Record extracts:
------------

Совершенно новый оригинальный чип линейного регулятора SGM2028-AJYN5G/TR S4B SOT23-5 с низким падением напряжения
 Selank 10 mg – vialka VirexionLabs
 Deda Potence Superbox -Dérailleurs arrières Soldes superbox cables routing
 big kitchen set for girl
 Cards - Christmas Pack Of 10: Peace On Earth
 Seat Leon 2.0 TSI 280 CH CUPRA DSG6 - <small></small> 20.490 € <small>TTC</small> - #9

------------

Problem: Give back, word for word, the lines of the records that run from the one holding "Selank 10 mg – vialka VirexionLabs" to the very last.

Exercise solution:
 Selank 10 mg – vialka VirexionLabs
 Deda Potence Superbox -Dérailleurs arrières Soldes superbox cables routing
 big kitchen set for girl
 Cards - Christmas Pack Of 10: Peace On Earth
 Seat Leon 2.0 TSI 280 CH CUPRA DSG6 - <small></small> 20.490 € <small>TTC</small> - #9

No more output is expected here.